> Records from a collection
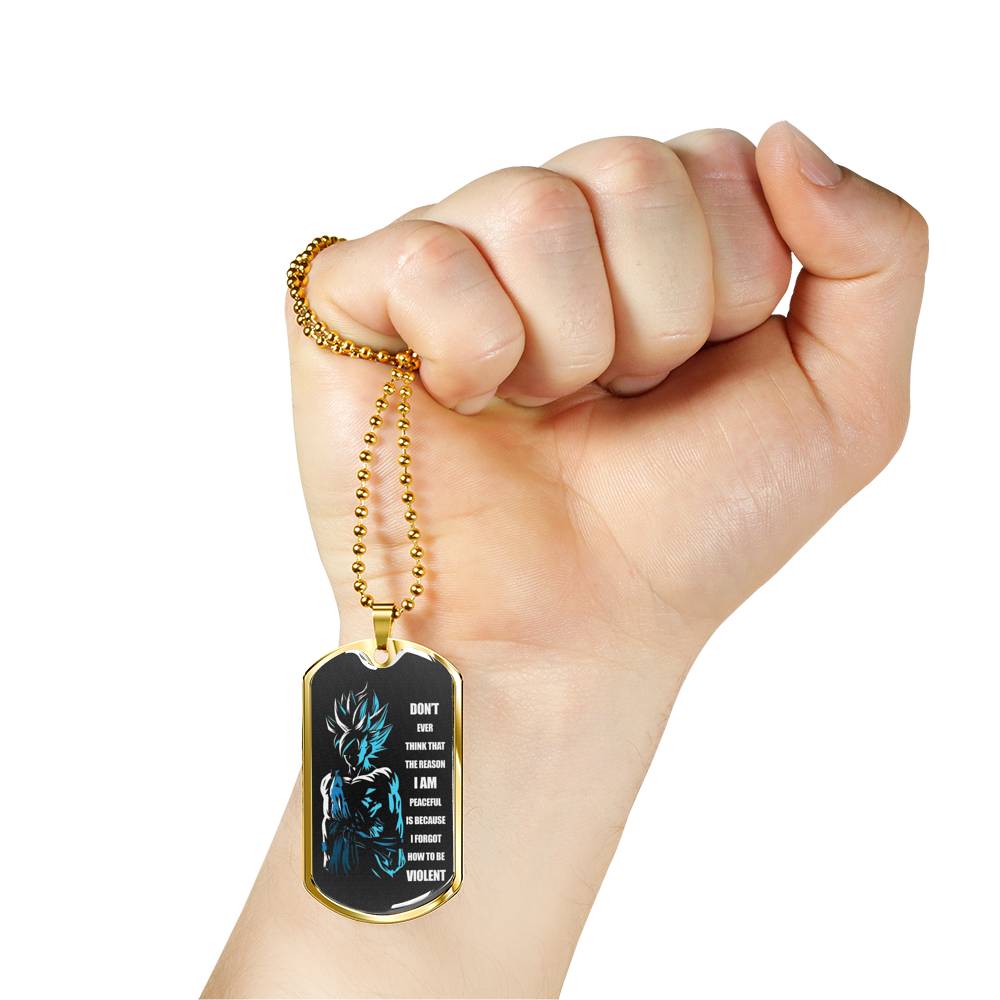 Goku Dog Tag Personalized - Dragon Ball Pendant Necklace For Fan Men - Happy Christmas Birthday Gifts For Dad Brother Son Boyfriend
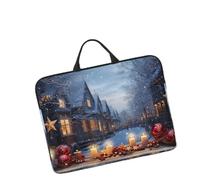 14in Laptop Sleeve Bag, Lightweight Waterproof Laptop Bag Shockproof Soft Carrying Case Christmas Atmosphere Tablet Travel Cover with Handle for 13-14 Inch Notebook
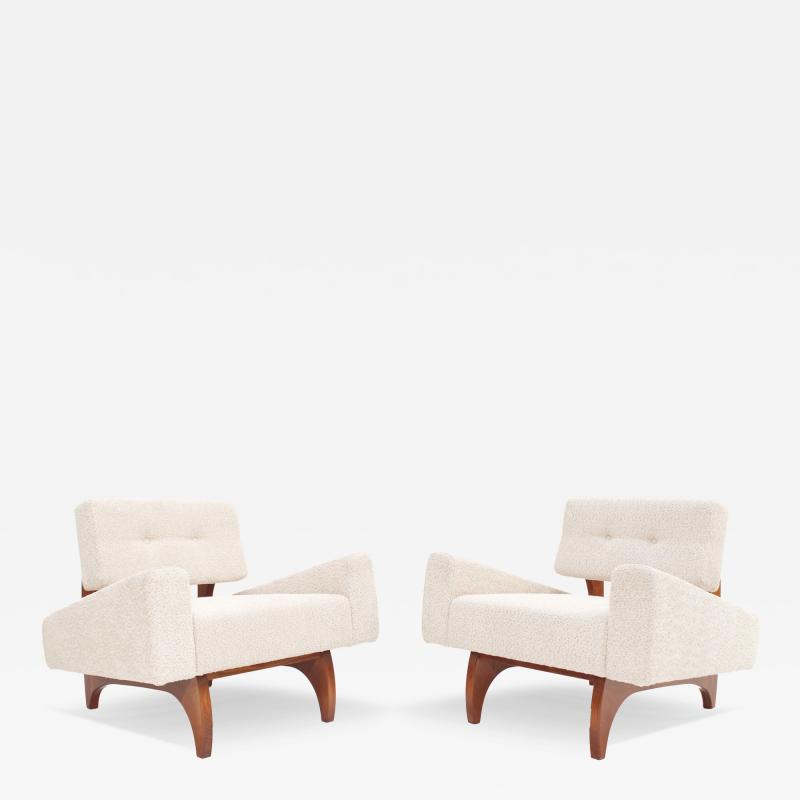 Pair of Italian Contemporary Walnut Armchairs with White Boucl Upholstery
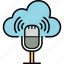 cloud, audio, internet, microphone, podcast, storage, wifi, icon 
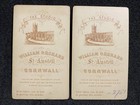 Cornwall England Man Woman And Child Fancy Back Stamp Uk 2 Antique Cdv Photo Lot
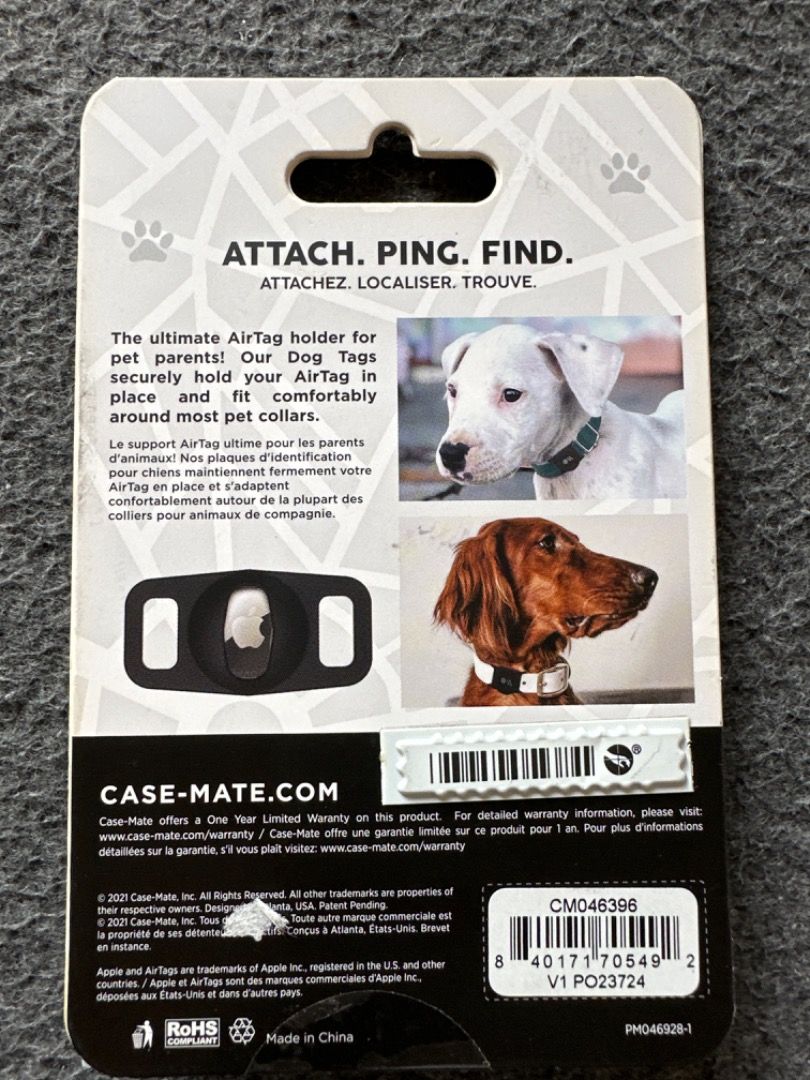Case-Mate Airtag Dog Collar Holder - Water Resistant Airtag Holder Dog Tag  - Protective Airtag Case for Dog Collar - Pet Collar Airtag Loop 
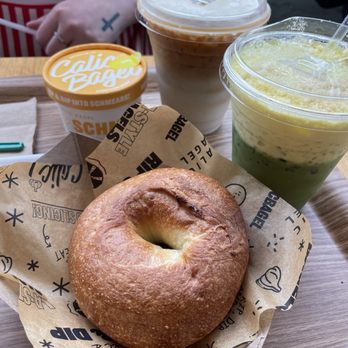 Calic Bagel - Plain Bagel with corn latte and latte - Bagels Near Me - Los Angeles, California Calic Bagel - Plain Bagel with corn latte and latte - Bagels Near Me - Los Angeles, California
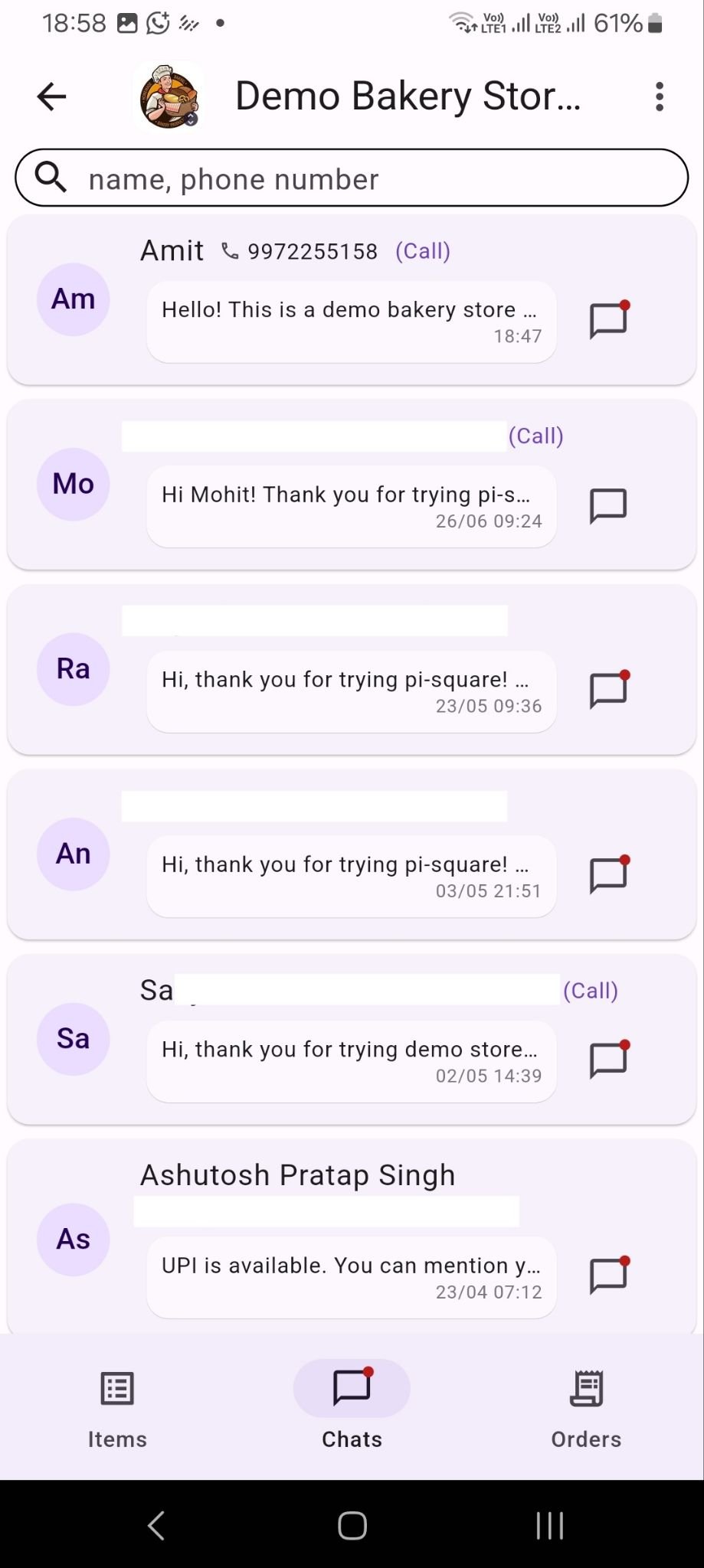 Seller dashboard mobile screenshot showing catalog, inventory, or order management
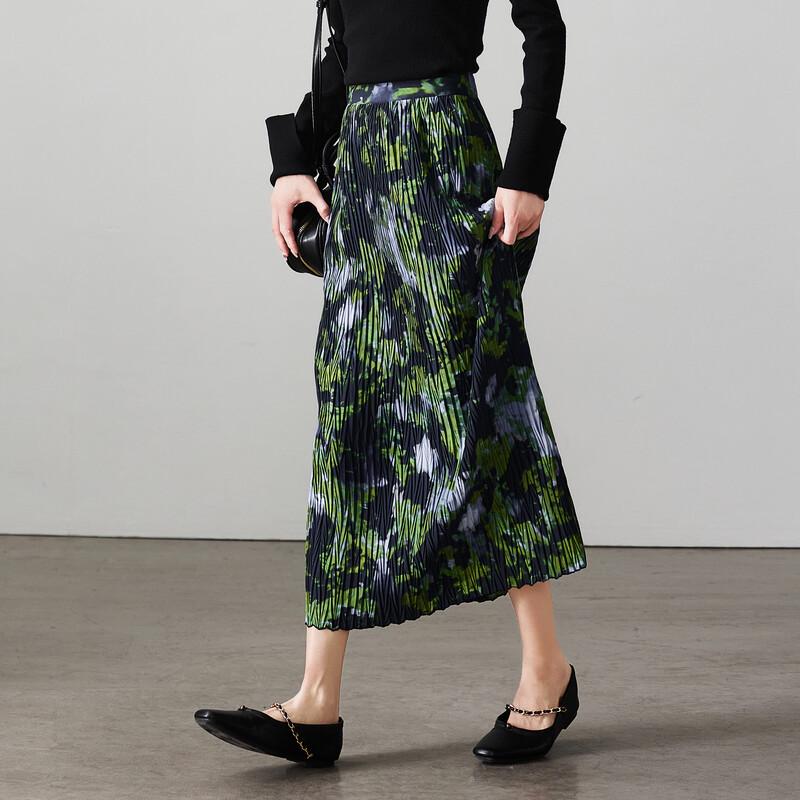 SOFSIL 2026 Spring Vintage Floral Pleated Mid-Length Skirt 28/L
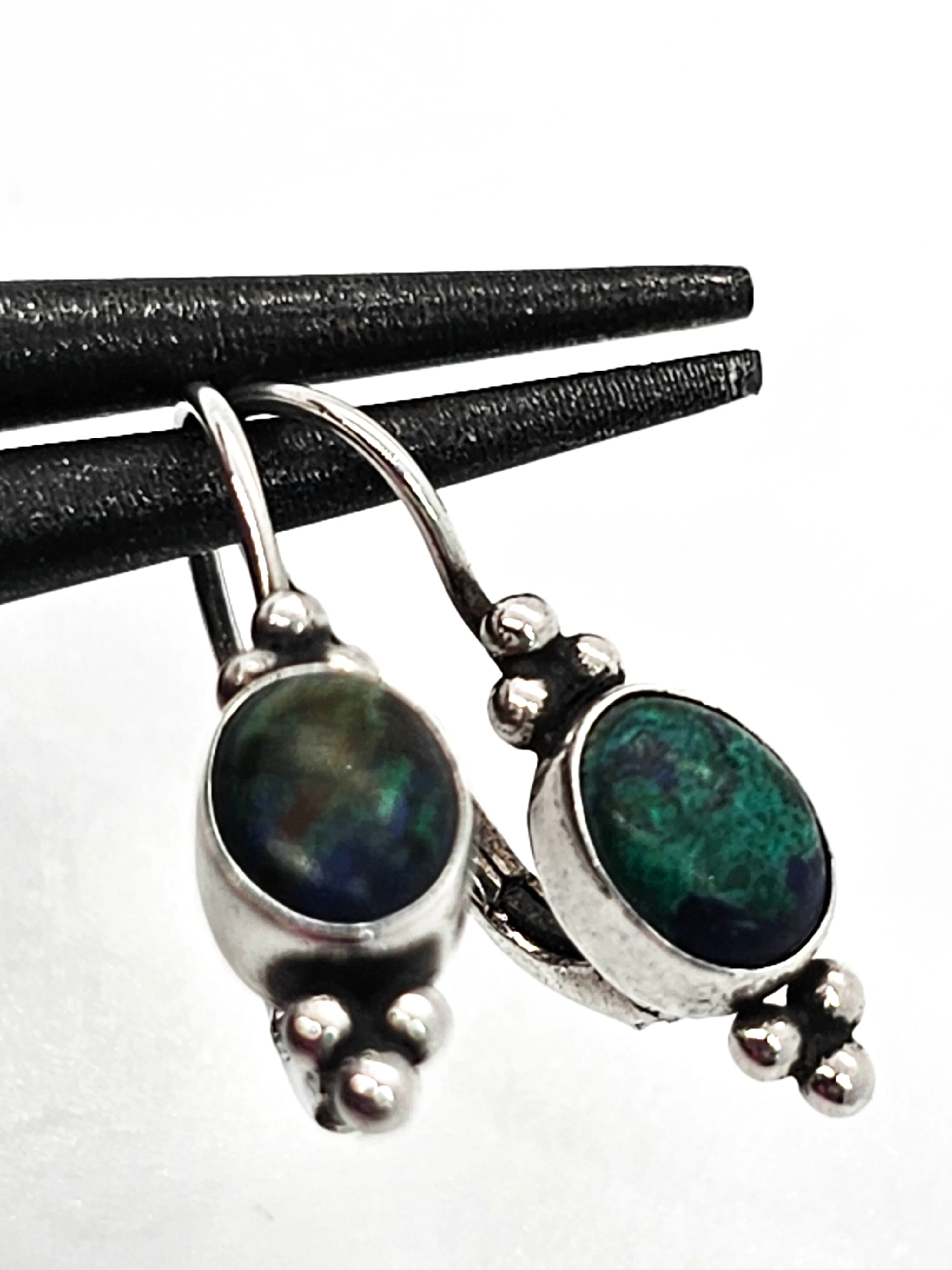 Chrysocolla blue green gemstone vintage Balinese sterling silver earrings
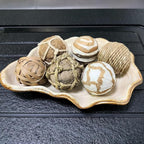 6pcs Decorative Balls for Bowl Centerpiece, 2.4 Inch Orbs Spheres Decor Balls Rattan Wicker Balls for Bowl Fillers, DIY Home Vase Table Decor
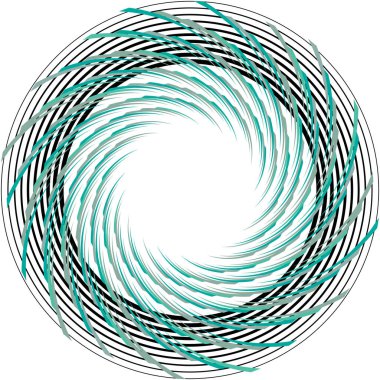 Soyut sarmal, girdap, dönme vektörü örtüşüyor. Volute, helix, koklear vertigo dairesel, geometrik çizim. Soyut çember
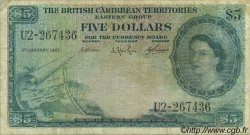 5 Dollars CARAÏBES  1963 P.09c pr.TB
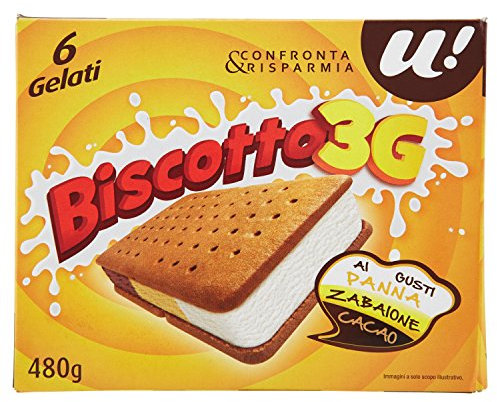 U! Confronta & Risparmia Gelati Biscotto, 480g (Surgelato)
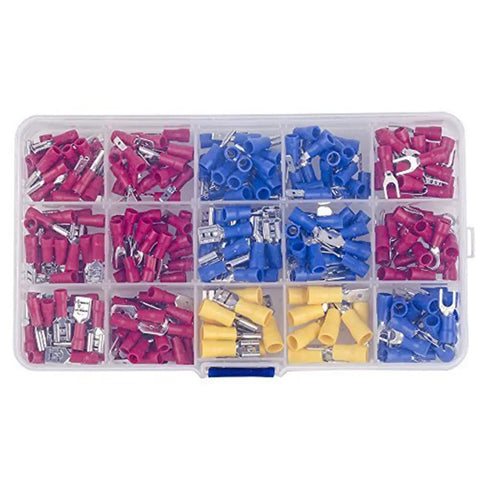 All In One 280 Pc Wire Terminal Crimp Connectors Kit Insulated Waterproof Spade Set For 22-10 AWG in storage case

> Work to complete
Leave out every picture, and copy exactly the lines above starting at the one holding "SOFSIL 2026 Spring" and ending at the one holding "6pcs Decorative Balls", no more and no less.

> Result of the exercise
 SOFSIL 2026 Spring Vintage Floral Pleated Mid-Length Skirt 28/L
 Chrysocolla blue green gemstone vintage Balinese sterling silver earrings
 6pcs Decorative Balls for Bowl Centerpiece, 2.4 Inch Orbs Spheres Decor Balls Rattan Wicker Balls for Bowl Fillers, DIY Home Vase Table Decor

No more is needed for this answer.